Archeologists have discovered a huge graveyard filled with the skeletons of Roman gladiators.

http://news.yahoo.com/s/afp/britain...5bl9oZWFkbGluZV9saXN0BHNsawMzOXJvbWFuZ2xhZGk-


----------



## Denhaunt (Aug 18, 2006)

_"Another potential theory is that the dead were all criminals, but Hunter-Mann believes this explanation is undermined by the respect they were shown by the way they were buried."_

Was this determined due to the fact they actually included the decapitated head with the rest of the body?
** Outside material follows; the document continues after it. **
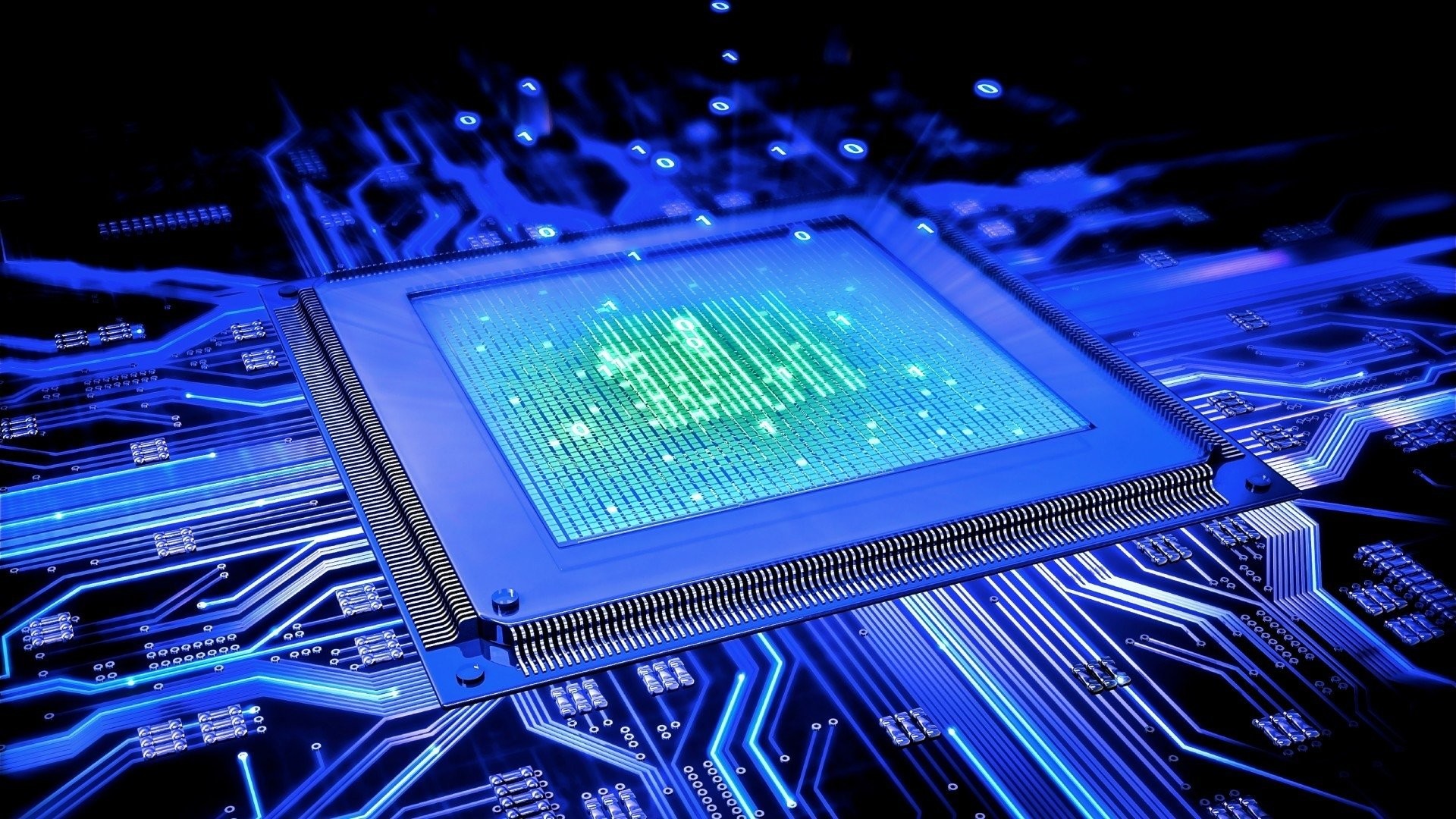 Processore, Circuito, CPU, Blu, sfondo Full HD per computer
The pic kinda looks like they just threw everything in a hole


----------



## RoxyBlue (Oct 6, 2008)

Denhaunt said:


> _"Another potential theory is that the dead were all criminals, but Hunter-Mann believes this explanation is undermined by the respect they were shown by the way they were buried."_
> 
> Was this determined due to the fact they actually included the decapitated head with the rest of the body? The pic kinda looks like they just threw everything in a hole


No, it's the "knees together and hands folded demurely" thing that shows the remains were treated with respect


----------



## The Creepster (Sep 18, 2009)

"So Billy....do you like movies about Gladiators"?


----------